(Data to process)
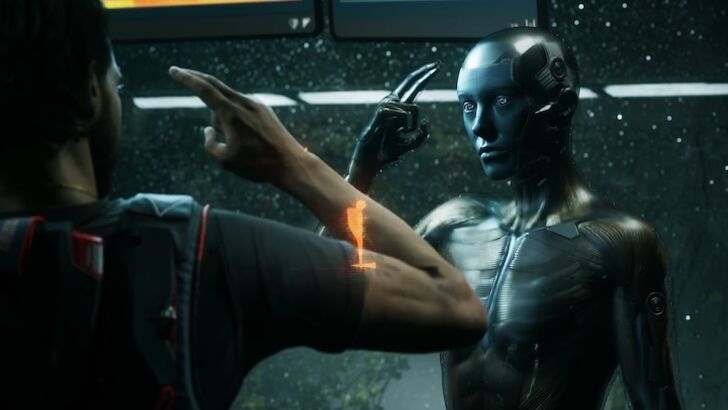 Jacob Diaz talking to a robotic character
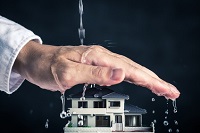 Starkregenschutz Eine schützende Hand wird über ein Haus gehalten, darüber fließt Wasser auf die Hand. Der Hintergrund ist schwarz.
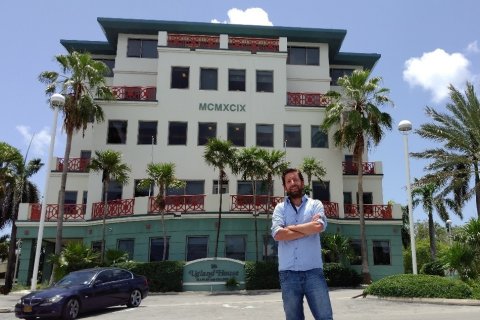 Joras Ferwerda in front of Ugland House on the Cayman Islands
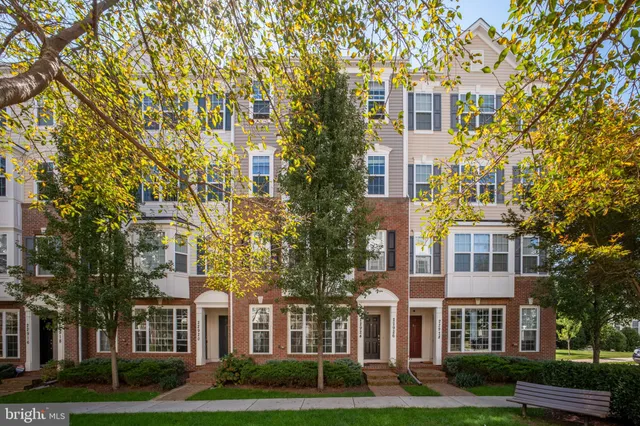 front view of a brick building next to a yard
(End Data to process)
(Data to process)
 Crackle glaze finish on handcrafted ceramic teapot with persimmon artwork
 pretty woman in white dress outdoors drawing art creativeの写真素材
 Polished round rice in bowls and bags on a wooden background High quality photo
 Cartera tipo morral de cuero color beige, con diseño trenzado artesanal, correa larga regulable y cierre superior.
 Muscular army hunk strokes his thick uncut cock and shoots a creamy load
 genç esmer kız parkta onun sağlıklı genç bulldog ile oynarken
(End Data to process)
◆ Problem statement:
What you need to produce is an exact copy of the entries above, limited to the lines from the one with "Starkregenschutz Eine schützende" up to and including the one with "front view of", without pictures.

◆ Exercise result:
 Starkregenschutz Eine schützende Hand wird über ein Haus gehalten, darüber fließt Wasser auf die Hand. Der Hintergrund ist schwarz.
 Joras Ferwerda in front of Ugland House on the Cayman Islands
 front view of a brick building next to a yard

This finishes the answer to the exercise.